Золя неизвестно где и жив ли.
Люды не видать.
Нет! Идти придется! Придется услышать от ее деревенской матери все, что та скажет. И смолчать.
И вот в зимней мгле Золина мать, многократно обговорив все с мужем и даже со старшей очень сообразительной дочерью, идет по обмороженным задворкам мимо темных приземистых построек и стучится в неразличимый домишко.
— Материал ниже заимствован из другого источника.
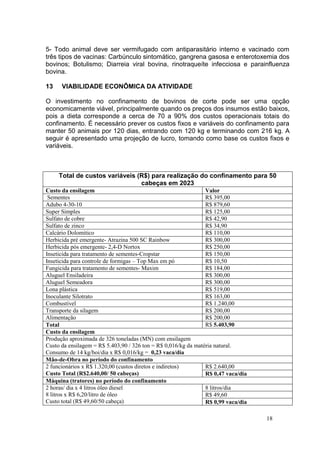 18
5- Todo animal deve ser vermifugado com antiparasitário interno e vacinado com
três tipos de vacinas: Carbúnculo sintomático, gangrena gasosa e enterotoxemia dos
bovinos; Botulismo; Diarreia viral bovina, rinotraqueíte infecciosa e parainfluenza
bovina.
13 VIABILIDADE ECONÔMICA DA ATIVIDADE
O investimento no confinamento de bovinos de corte pode ser uma opção
economicamente viável, principalmente quando os preços dos insumos estão baixos,
pois a dieta corresponde a cerca de 70 a 90% dos custos operacionais totais do
confinamento. É necessário prever os custos fixos e variáveis do confinamento para
manter 50 animais por 120 dias, entrando com 120 kg e terminando com 216 kg. A
seguir é apresentado uma projeção de lucro, tomando como base os custos fixos e
variáveis.
Total de custos variáveis (R$) para realização do confinamento para 50
cabeças em 2023
Custo da ensilagem Valor
Sementes R$ 395,00
Adubo 4-30-10 R$ 879,60
Super Simples R$ 125,00
Sulfato de cobre R$ 42,90
Sulfato de zinco R$ 34,90
Calcário Dolomitico R$ 110,00
Herbicida pré emergente- Atrazina 500 SC Rainbow R$ 300,00
Herbicida pós emergente- 2,4-D Nortox R$ 250,00
Inseticida para tratamento de sementes-Cropstar R$ 150,00
Inseticida para controle de formigas – Top Max em pó R$ 10,50
Fungicida para tratamento de sementes- Maxim R$ 184,00
Aluguel Ensiladeira R$ 300,00
Aluguel Semeadora R$ 300,00
Lona plástica R$ 519,00
Inoculante Silotrato R$ 163,00
Combustível R$ 1.240,00
Transporte da silagem R$ 200,00
Alimentação R$ 200,00
Total R$ 5.403,90
Custo da ensilagem
Produção aproximada de 326 toneladas (MN) com ensilagem
Custo da ensilagem = R$ 5.403,90 / 326 ton = R$ 0,016/kg da matéria natural.
Consumo de 14 kg/boi/dia x R$ 0,016/kg = 0,23 vaca/dia
Mão-de-Obra no período do confinamento
2 funcionários x R$ 1.320,00 (custos diretos e indiretos)
Custo Total (R$2.640,00/ 50 cabeças)
R$ 2.640,00
R$ 0,47 vaca/dia
Máquina (tratores) no período do confinamento
2 horas/ dia x 4 litros óleo diesel
8 litros x R$ 6,20/litro de óleo
Custo total (R$ 49,60/50 cabeça)
8 litros/dia
R$ 49,60
R$ 0,99 vaca/dia
 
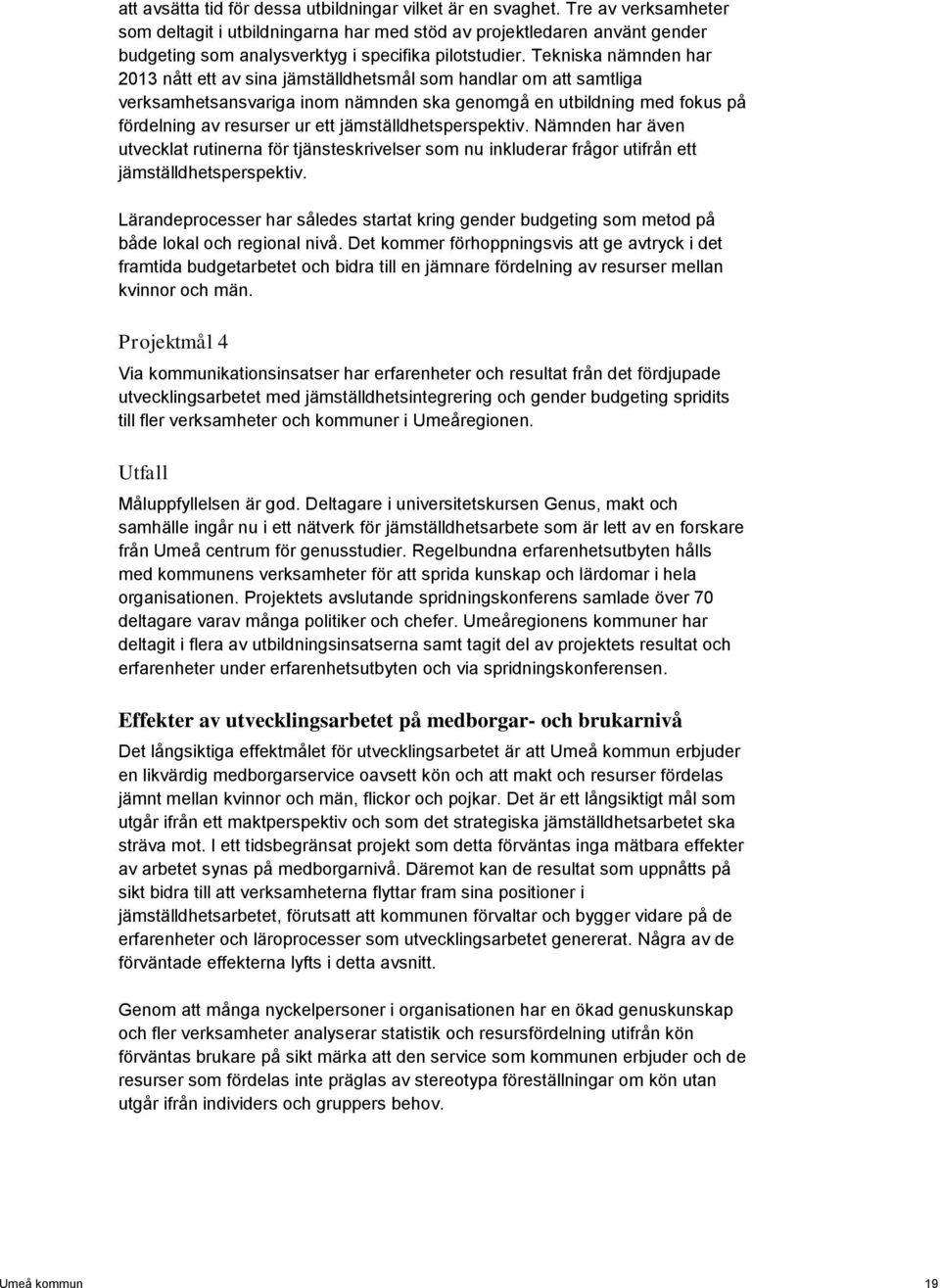 Tekniska nämnden har 2013 nått ett av sina jämställdhetsmål som handlar om att samtliga verksamhetsansvariga inom nämnden ska genomgå en utbildning med fokus på fördelning av resurser ur ett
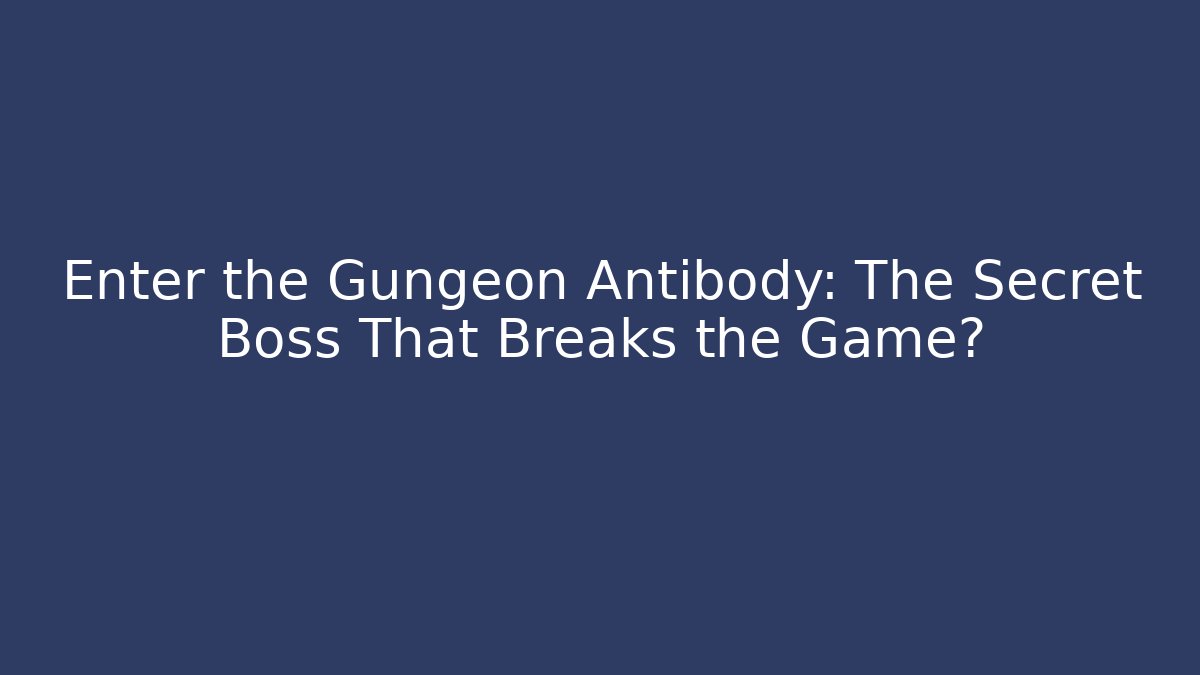 Enter the Gungeon Antibody: The Secret Boss That Breaks the Game?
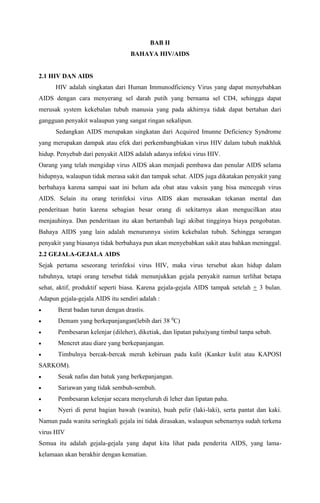BAB II
BAHAYA HIV/AIDS
2.1 HIV DAN AIDS
HIV adalah singkatan dari Human Immunodficiency Virus yang dapat menyebabkan
AIDS dengan cara menyerang sel darah putih yang bernama sel CD4, sehingga dapat
merusak system kekebalan tubuh manusia yang pada akhirnya tidak dapat bertahan dari
gangguan penyakit walaupun yang sangat ringan sekalipun.
Sedangkan AIDS merupakan singkatan dari Acquired Imunne Deficiency Syndrome
yang merupakan dampak atau efek dari perkembangbiakan virus HIV dalam tubuh makhluk
hidup. Penyebab dari penyakit AIDS adalah adanya infeksi virus HIV.
Oarang yang telah mengidap virus AIDS akan menjadi pembawa dan penular AIDS selama
hidupnya, walaupun tidak merasa sakit dan tampak sehat. AIDS juga dikatakan penyakit yang
berbahaya karena sampai saat ini belum ada obat atau vaksin yang bisa mencegah virus
AIDS. Selain itu orang terinfeksi virus AIDS akan merasakan tekanan mental dan
penderitaan batin karena sebagian besar orang di sekitarnya akan mengucilkan atau
menjauhinya. Dan penderitaan itu akan bertambah lagi akibat tingginya biaya pengobatan.
Bahaya AIDS yang lain adalah menurunnya sistim kekebalan tubuh. Sehingga serangan
penyakit yang biasanya tidak berbahaya pun akan menyebabkan sakit atau bahkan meninggal.
2.2 GEJALA-GEJALA AIDS
Sejak pertama seseorang terinfeksi virus HIV, maka virus tersebut akan hidup dalam
tubuhnya, tetapi orang tersebut tidak menunjukkan gejala penyakit namun terlihat betapa
sehat, aktif, produktif seperti biasa. Karena gejala-gejala AIDS tampak setelah + 3 bulan.
Adapun gejala-gejala AIDS itu sendiri adalah :
 Berat badan turun dengan drastis.
 Demam yang berkepanjangan(lebih dari 38 0
C)
 Pembesaran kelenjar (dileher), diketiak, dan lipatan paha)yang timbul tanpa sebab.
 Mencret atau diare yang berkepanjangan.
 Timbulnya bercak-bercak merah kebiruan pada kulit (Kanker kulit atau KAPOSI
SARKOM).
 Sesak nafas dan batuk yang berkepanjangan.
 Sariawan yang tidak sembuh-sembuh.
 Pembesaran kelenjar secara menyeluruh di leher dan lipatan paha.
 Nyeri di perut bagian bawah (wanita), buah pelir (laki-laki), serta pantat dan kaki.
Namun pada wanita seringkali gejala ini tidak dirasakan, walaupun sebenarnya sudah terkena
virus HIV
Semua itu adalah gejala-gejala yang dapat kita lihat pada penderita AIDS, yang lama-
kelamaan akan berakhir dengan kematian.
 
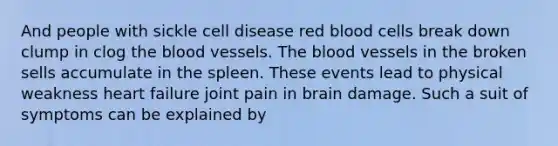 And people with sickle cell disease red blood cells break down clump in clog the blood vessels. The blood vessels in the broken sells accumulate in the spleen. These events lead to physical weakness heart failure joint pain in brain damage. Such a suit of symptoms can be explained by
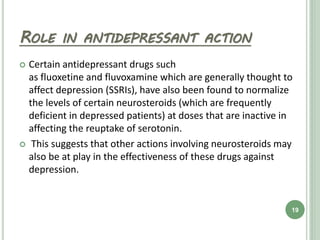 ROLE IN ANTIDEPRESSANT ACTION
 Certain antidepressant drugs such
as fluoxetine and fluvoxamine which are generally thought to
affect depression (SSRIs), have also been found to normalize
the levels of certain neurosteroids (which are frequently
deficient in depressed patients) at doses that are inactive in
affecting the reuptake of serotonin.
 This suggests that other actions involving neurosteroids may
also be at play in the effectiveness of these drugs against
depression.
19
 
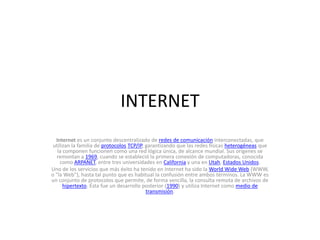 INTERNET Internet es un conjunto descentralizado de redes de comunicación interconectadas, que utilizan la familia de protocolosTCP/IP, garantizando que las redes físicas heterogéneas que la componen funcionen como una red lógica única, de alcance mundial. Sus orígenes se remontan a 1969, cuando se estableció la primera conexión de computadoras, conocida como ARPANET, entre tres universidades en California y una en Utah, Estados Unidos. Uno de los servicios que más éxito ha tenido en Internet ha sido la WorldWide Web (WWW, o &quot;la Web&quot;), hasta tal punto que es habitual la confusión entre ambos términos. La WWW es un conjunto de protocolos que permite, de forma sencilla, la consulta remota de archivos de hipertexto. Ésta fue un desarrollo posterior (1990) y utiliza Internet como medio de transmisión. 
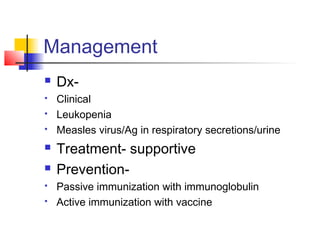 Management
 Dx-
 Clinical
 Leukopenia
 Measles virus/Ag in respiratory secretions/urine
 Treatment- supportive
 Prevention-
 Passive immunization with immunoglobulin
 Active immunization with vaccine
 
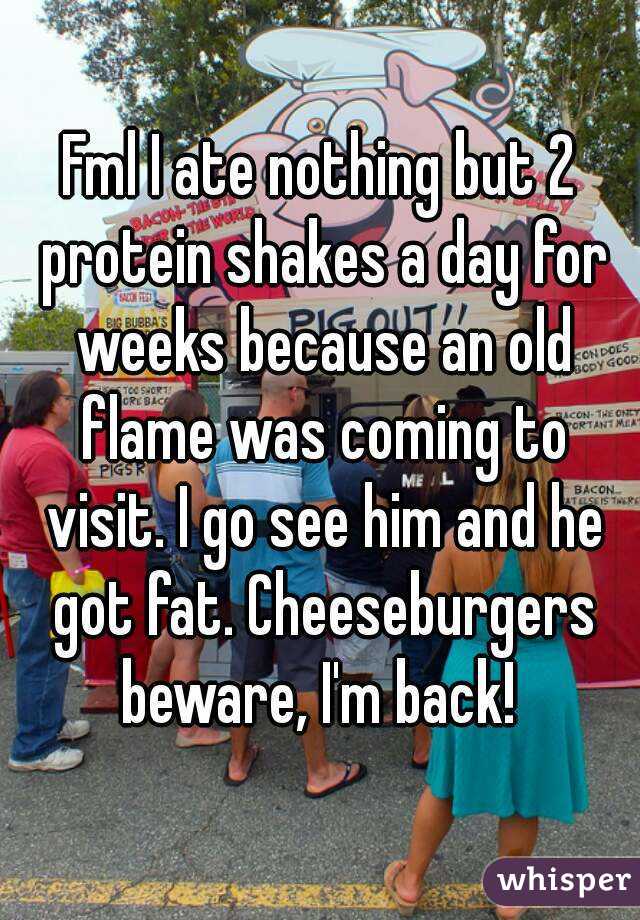 Fml I ate nothing but 2 protein shakes a day for weeks because an old flame was coming to visit. I go see him and he got fat. Cheeseburgers beware, I'm back! 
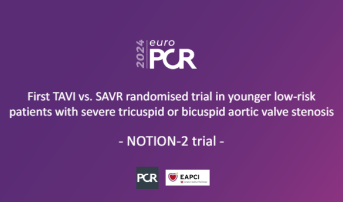 First TAVI vs. SAVR randomised trial in younger low-risk patients with severe tricuspid or bicuspid aortic valve stenosis - results from NOTION-2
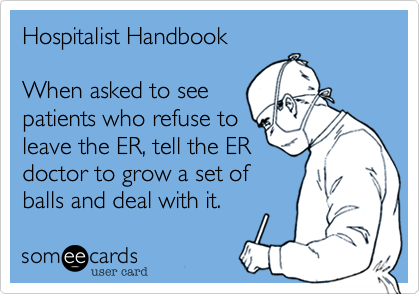 Hospitalist Handbook

When asked to see
patients who refuse to
leave the ER, tell the ER
doctor to grow a set of
balls and deal with it.  
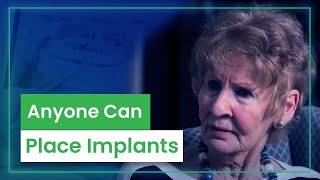 For Dentist From Patients | Anyone Can Place Implants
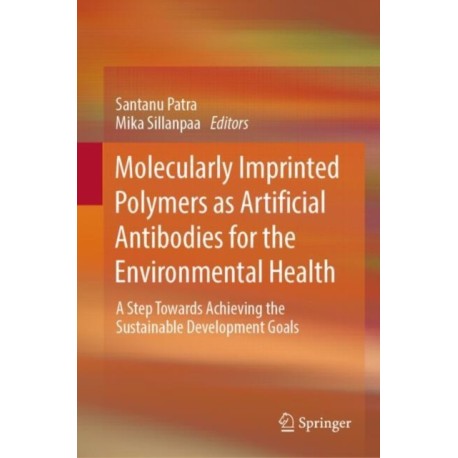 Molecularly Imprinted Polymers as Artificial Antibodies for the Environmental Health: A Step Towards Achieving the Sustainable Development Goals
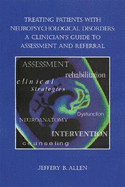 Treating Patients with Neuropsychological Disorders: A Clinician's Guide to Assessment and Referral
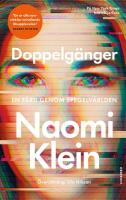 Doppelg&auml;nger : En f&auml;rd genom spegelv&auml;rlden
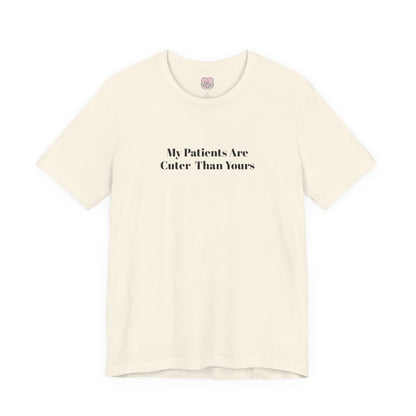 My Patients Are Cuter Than Yours T-Shirt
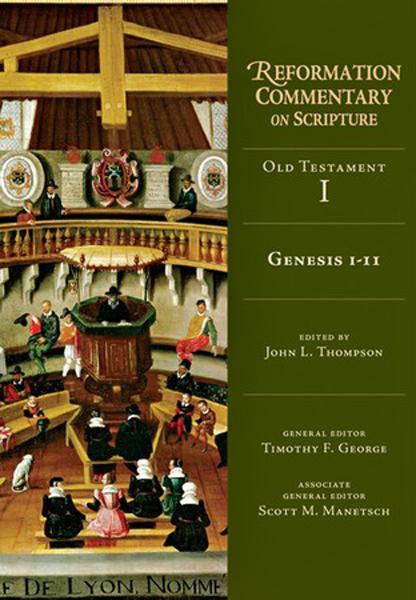 reformation commentary scripture genesis 1 11 john thompson cover image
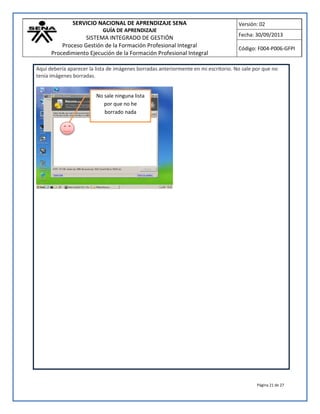 SERVICIO NACIONAL DE APRENDIZAJE SENA
GUÍA DE APRENDIZAJE
SISTEMA INTEGRADO DE GESTIÓN
Proceso Gestión de la Formación Profesional Integral
Procedimiento Ejecución de la Formación Profesional Integral
Versión: 02
Fecha: 30/09/2013
Código: F004-P006-GFPI
Página 21 de 27
Aquí debería aparecer la lista de imágenes borradas anteriormente en mi escritorio. No sale por que no
tenía imágenes borradas.
No sale ninguna lista
por que no he
borrado nada
 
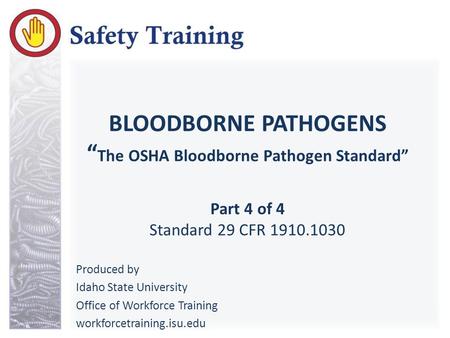 BLOODBORNE PATHOGENS “ The OSHA Bloodborne Pathogen Standard” Part 4 of 4 Standard 29 CFR 1910.1030 Produced by Idaho State University Office of Workforce.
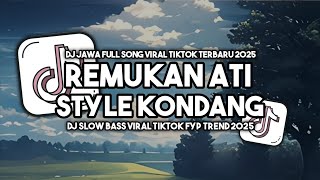 Download lagu DJ REMUKAN ATI NDX AKA VIRAL TIKTOK TERBARU 2025 FULL SONG SLOW BASS mp3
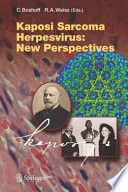 Kaposi Sarcoma Herpesvirus: New Perspectives [E-Book] /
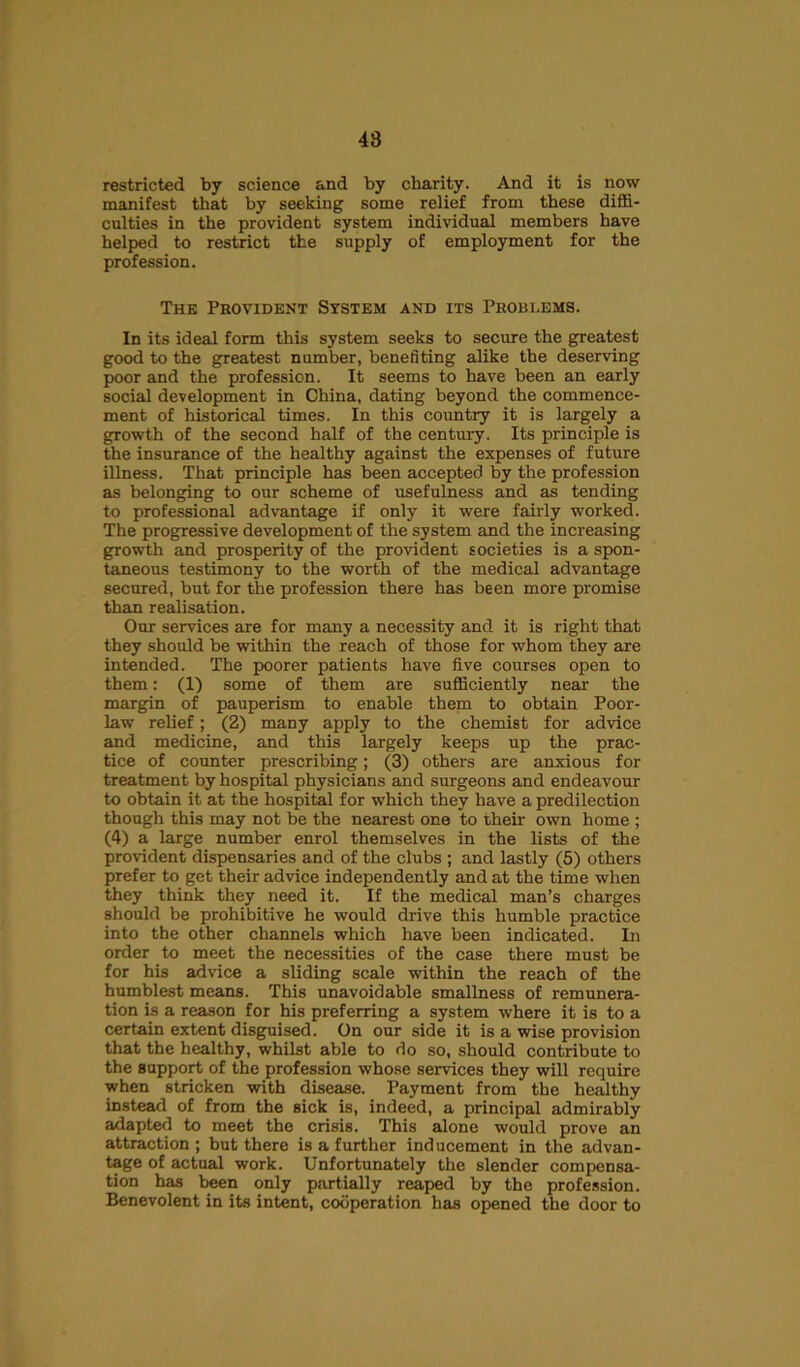48 restricted by science and by charity. And it is now manifest that by seeking some relief from these diffi- culties in the provident system individual members have helped to restrict the supply of employment for the profession. The Provident System and its Problems. In its ideal form this system seeks to secure the greatest good to the greatest number, benefiting alike the deserving poor and the profession. It seems to have been an early social development in China, dating beyond the commence- ment of historical times. In this country it is largely a growth of the second half of the century. Its principle is the insurance of the healthy against the expenses of future illness. That principle has been accepted by the profession as belonging to our scheme of usefulness and as tending to professional advantage if only it were fairly worked. The progressive development of the system and the increasing growth and prosperity of the provident societies is a spon- taneous testimony to the worth of the medical advantage secured, but for the profession there has been more promise than realisation. Our services are for many a necessity and it is right that they should be within the reach of those for whom they are intended. The poorer patients have five courses open to them: (1) some of them are sufficiently near the margin of pauperism to enable them to obtain Poor- law relief; (2) many apply to the chemist for advice and medicine, and this largely keeps up the prac- tice of counter prescribing; (3) others are anxious for treatment by hospital physicians and surgeons and endeavour to obtain it at the hospital for which they have a predilection though this may not be the nearest one to their own home ; (4) a large number enrol themselves in the lists of the provident dispensaries and of the clubs ; and lastly (5) others prefer to get their advice independently and at the time when they think they need it. If the medical man’s charges should be prohibitive he would drive this humble practice into the other channels which have been indicated. In order to meet the necessities of the case there must be for his advice a sliding scale within the reach of the humblest means. This unavoidable smallness of remunera- tion is a reason for his preferring a system where it is to a certain extent disguised. On our side it is a wise provision that the healthy, whilst able to do so, should contribute to the support of the profession whose services they will require when stricken with disease. Payment from the healthy instead of from the sick is, indeed, a principal admirably adapted to meet the crisis. This alone would prove an attraction ; but there is a further inducement in the advan- tage of actual work. Unfortunately the slender compensa- tion has been only partially reaped by the profession. Benevolent in its intent, cooperation has opened the door to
Есть ли внутри свет - неясно, дом может быть глух и от затемнения.
Двери отворяет мать Люды. Обе женщины мгновение заносчиво глядят друг на дружку. Потом пришедшая говорит: "А я к вам! Как там наша Людочка?" Н а ш а. "Чего же вы в сенях-то? И вся вон в снегу! - отвечает на это отворившая дверь. - Наша Людочка ничего! - И храбрая своей обидой, протягивая веник, вызывающе заходится: - Чего же ваш кучерявый нахулиганничал? Как теперь чистюшечка наша?!" И обе принимаются плакать.
Люда за недостроченным маскхалатом все слышит. Она кидается в другую комнату и, когда обе матери входят в ту, где она только что шила, из-за двери к ним рвется рыдание.
- Должно быть она уже на восьмом месяце, бедная! - говорит мать Золи, окончательно расквасив лицо.